The Independent Medical Review process in California was developed to take medical decision making out of the workers' compensation courts so that the judges can spend more time deciding things that they presumably have more expertise on: evidence, disability rates, causation, etc.
And as in most things in workers' compensation, on the face of it the IMR process seemed reasonable. Certainly to me it seemed reasonable.
The Workers’ Compensation Insurance Rating Bureau in October 2012 projected the IMR process would save $390 million a year by keeping about 5,000 disputes from going before workers’ compensation judges each month.
At first the estimates seemed accurate. There were only 870 applications for IMR submitted in the first six months of 2013.
But then trouble transpired.
The number of requests increased to 4,410 in July when all dates of injury were eligible and then spiked to 15,731 in August. Since then Maximus has received more than 10,000 IMR requests each month.
Now there's a big blame game.
Employers and carriers blame the applicant attorneys for requesting IMR for everything.
Applicant attorneys blame employers and carriers for unreasonably denying everything.
Physicians seem caught in the middle and just throw up their hands in frustration.
The truth is probably that everyone is correct.
What the WCIRB failed to estimate is how many medical disputes never made it to workers' compensation judges in the first place because issues were negotiated, compromised and settled. The WCIRB measured cases before judges.
But work comp is no different than any other dispute resolution system; i.e. most cases never make it to a judge because the parties figure out how to settle.

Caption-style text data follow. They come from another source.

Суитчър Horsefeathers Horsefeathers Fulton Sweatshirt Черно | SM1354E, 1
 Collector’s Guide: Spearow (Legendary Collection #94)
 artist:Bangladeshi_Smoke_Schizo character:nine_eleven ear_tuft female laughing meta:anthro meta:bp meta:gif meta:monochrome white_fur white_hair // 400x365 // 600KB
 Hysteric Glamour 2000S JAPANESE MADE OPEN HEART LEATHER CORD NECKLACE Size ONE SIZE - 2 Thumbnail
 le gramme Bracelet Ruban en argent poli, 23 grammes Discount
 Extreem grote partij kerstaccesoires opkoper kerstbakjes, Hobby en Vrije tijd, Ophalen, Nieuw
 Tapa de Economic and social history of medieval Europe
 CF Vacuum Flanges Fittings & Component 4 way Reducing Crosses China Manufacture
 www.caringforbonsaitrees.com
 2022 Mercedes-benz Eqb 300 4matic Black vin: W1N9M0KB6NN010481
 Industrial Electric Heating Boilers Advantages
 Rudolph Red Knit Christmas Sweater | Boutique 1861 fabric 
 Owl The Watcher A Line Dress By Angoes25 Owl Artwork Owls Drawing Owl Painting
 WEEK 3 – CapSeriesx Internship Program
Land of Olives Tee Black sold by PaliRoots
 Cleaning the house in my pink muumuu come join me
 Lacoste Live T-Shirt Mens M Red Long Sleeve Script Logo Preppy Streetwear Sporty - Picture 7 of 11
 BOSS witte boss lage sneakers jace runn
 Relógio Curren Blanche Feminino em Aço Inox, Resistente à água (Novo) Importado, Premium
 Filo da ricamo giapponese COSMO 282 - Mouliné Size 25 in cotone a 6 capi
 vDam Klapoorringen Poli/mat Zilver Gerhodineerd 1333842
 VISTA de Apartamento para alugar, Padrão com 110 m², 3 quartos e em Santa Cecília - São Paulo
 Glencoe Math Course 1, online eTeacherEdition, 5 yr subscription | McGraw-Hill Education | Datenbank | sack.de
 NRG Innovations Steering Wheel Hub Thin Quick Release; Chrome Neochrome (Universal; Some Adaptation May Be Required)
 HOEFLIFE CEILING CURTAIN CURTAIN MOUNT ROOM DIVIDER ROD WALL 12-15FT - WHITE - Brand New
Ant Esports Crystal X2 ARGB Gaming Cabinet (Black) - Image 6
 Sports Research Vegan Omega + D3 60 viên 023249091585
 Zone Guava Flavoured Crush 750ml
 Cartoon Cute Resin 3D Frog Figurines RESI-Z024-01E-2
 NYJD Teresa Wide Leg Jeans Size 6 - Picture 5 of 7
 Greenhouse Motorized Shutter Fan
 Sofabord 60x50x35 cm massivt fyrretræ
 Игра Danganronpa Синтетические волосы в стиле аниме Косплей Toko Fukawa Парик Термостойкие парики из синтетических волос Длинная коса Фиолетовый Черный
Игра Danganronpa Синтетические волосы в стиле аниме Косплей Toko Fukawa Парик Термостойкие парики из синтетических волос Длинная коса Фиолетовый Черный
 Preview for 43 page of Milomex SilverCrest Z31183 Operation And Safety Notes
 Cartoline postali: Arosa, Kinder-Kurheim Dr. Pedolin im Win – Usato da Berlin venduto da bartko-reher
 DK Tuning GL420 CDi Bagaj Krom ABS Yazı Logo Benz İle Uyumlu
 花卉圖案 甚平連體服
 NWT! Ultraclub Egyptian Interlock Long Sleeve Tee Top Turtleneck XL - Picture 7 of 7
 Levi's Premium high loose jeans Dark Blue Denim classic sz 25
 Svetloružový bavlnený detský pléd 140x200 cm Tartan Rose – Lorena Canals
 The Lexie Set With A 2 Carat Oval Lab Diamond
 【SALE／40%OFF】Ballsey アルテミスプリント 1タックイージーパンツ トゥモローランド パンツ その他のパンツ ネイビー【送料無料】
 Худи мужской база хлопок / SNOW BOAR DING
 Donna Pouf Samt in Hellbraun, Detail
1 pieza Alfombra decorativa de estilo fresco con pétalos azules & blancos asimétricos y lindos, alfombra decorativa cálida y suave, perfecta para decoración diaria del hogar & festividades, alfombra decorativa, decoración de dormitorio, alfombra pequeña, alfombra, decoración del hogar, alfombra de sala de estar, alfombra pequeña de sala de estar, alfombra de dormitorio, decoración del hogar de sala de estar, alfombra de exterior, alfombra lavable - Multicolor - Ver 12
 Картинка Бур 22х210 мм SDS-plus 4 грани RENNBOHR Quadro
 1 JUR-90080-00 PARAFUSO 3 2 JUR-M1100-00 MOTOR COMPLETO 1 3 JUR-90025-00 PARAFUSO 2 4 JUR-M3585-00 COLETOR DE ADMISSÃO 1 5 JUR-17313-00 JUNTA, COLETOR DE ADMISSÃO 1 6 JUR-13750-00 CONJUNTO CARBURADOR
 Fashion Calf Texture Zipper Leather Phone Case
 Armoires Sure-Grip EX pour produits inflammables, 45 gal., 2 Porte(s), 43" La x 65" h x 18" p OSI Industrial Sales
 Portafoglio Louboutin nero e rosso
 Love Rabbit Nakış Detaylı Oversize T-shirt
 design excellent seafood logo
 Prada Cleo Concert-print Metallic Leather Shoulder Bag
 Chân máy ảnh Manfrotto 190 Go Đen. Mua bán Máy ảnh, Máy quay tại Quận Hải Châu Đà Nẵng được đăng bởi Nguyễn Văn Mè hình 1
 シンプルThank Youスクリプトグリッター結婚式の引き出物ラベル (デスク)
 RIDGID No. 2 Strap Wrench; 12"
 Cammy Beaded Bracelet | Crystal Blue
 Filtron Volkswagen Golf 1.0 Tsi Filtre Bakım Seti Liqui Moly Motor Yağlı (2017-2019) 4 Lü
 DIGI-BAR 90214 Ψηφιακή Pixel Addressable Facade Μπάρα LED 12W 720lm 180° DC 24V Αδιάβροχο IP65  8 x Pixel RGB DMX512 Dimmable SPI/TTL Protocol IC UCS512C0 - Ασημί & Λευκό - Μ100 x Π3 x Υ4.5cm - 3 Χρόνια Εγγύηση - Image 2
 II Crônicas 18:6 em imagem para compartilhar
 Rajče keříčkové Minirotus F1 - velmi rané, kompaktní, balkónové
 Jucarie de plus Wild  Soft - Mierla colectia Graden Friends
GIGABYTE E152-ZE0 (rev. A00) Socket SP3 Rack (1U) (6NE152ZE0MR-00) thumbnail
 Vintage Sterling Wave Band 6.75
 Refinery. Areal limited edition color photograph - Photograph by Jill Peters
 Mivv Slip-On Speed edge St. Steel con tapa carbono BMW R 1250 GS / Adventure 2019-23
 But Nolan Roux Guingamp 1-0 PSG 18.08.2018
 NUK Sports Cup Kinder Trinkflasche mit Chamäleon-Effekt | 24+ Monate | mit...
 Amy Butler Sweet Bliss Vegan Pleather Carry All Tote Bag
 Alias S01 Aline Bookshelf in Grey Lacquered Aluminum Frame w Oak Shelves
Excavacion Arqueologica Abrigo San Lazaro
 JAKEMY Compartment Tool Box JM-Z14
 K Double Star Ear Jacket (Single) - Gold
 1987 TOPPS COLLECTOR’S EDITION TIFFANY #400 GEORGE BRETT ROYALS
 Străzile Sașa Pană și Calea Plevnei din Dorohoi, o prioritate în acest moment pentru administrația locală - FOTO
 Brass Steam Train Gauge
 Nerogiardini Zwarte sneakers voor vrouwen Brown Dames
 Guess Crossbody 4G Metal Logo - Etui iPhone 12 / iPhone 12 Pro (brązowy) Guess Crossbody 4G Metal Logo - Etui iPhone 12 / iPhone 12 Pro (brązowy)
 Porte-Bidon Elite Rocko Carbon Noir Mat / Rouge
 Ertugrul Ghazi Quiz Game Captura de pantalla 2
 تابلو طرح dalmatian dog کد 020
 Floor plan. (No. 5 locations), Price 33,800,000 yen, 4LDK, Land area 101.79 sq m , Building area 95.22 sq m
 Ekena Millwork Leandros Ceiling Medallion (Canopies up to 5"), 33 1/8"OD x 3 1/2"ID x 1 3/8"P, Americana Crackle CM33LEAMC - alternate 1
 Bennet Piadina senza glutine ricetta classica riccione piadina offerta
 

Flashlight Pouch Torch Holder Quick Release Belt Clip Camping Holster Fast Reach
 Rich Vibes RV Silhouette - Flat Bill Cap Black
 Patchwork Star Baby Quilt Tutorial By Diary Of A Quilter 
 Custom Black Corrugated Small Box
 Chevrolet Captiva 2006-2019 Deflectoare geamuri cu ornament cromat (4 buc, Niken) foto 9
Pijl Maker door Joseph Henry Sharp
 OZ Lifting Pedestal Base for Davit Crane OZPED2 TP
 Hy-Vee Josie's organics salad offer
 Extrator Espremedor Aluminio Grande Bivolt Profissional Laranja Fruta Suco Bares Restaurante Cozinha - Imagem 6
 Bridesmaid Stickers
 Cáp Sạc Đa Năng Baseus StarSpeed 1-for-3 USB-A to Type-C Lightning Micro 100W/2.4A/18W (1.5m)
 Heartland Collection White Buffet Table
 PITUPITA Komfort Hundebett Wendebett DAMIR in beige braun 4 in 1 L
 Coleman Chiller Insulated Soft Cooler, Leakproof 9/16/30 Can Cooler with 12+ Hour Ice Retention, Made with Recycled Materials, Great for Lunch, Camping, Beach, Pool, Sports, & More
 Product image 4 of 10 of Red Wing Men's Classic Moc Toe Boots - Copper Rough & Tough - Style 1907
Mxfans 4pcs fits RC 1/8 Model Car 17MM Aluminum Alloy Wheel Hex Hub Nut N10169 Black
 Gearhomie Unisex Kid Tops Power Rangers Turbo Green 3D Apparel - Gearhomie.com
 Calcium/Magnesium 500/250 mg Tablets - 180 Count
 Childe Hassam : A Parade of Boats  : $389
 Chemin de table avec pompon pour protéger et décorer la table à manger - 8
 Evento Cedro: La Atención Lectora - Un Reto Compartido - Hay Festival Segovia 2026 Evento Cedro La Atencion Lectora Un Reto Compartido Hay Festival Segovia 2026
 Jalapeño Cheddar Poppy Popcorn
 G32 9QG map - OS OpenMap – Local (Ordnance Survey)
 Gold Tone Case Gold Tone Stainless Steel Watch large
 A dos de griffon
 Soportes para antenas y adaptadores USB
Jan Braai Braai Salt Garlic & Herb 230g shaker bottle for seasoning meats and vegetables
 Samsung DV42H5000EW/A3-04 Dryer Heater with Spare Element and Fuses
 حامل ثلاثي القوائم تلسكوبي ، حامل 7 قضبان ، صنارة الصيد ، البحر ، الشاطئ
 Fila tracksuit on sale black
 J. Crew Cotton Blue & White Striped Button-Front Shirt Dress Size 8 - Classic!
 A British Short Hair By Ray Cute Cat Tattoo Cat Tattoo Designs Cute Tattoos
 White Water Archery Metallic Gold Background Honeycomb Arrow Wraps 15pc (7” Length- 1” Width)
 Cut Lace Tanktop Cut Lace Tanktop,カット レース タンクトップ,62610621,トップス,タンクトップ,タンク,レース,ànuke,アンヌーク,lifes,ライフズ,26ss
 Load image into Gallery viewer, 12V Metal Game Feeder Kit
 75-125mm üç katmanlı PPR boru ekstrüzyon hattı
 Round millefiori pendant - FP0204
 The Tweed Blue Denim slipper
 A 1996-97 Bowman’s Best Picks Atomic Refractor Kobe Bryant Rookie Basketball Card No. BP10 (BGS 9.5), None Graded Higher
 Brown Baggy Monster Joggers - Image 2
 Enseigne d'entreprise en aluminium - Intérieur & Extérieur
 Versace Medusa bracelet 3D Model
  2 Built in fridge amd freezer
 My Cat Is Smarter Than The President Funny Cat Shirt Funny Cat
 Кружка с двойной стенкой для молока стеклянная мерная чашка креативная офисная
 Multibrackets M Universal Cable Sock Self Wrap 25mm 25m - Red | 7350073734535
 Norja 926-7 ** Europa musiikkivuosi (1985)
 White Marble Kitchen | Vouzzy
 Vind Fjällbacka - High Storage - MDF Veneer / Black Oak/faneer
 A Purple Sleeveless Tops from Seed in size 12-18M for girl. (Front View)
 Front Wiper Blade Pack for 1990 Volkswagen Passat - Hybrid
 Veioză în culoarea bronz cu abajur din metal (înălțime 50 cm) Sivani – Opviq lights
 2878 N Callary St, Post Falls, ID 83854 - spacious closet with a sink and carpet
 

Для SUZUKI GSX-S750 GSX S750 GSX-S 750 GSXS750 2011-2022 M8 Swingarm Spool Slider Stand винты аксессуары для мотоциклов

The IMR process has completely eliminated any incentive to compromise and settle on disputed medical issues. The mandatory nature of the process has removed discretion from the claims management process on both sides of the fence.
We have seen this before in other areas of workers' compensation disputes - the attempt to reduce disputes by mandating a process takes away discretion thereby increasing burden on the alternative process beyond expectations.
In fact this is exactly what occurred when California mandated that every claims organization have a Utilization Review program in place. Nothing in the law said that every single request for a medical procedure must be reviewed, but for many operations it was much easier to simply mandate UR on every request.
Removing discretion is an organizational trick - and based on what is being measured could arguably result in better efficiency. Autonomous procedure has long been used to move goods and services through a system more economically.
The problem though is that a workers' compensation claim isn't a tangible item that can be mechanized.
We deal with human beings. Humans have emotions and engage in complex decision making processes that are influenced in part by those emotions.
Whether or not a requested procedure fits within the text book of medical treatment fails to take into account all of the other, numerous, complex factors that go into the decision making process and the human emotions that influence those decisions.
The reality is that the IMR process removed the ability to compromise.
THAT's why the volume of IMR requests has escalated well beyond estimates - because we didn't understand how many disputes never made it to court - we were only counting the ones that ended up there.
The likely truth is that many, many more medical disputes existed, but were settled before getting to a judge.
Maybe IMR isn't "broken." Maybe it's doing just what was intended. We just didn't measure the right thing to start with so our expectations were distorted.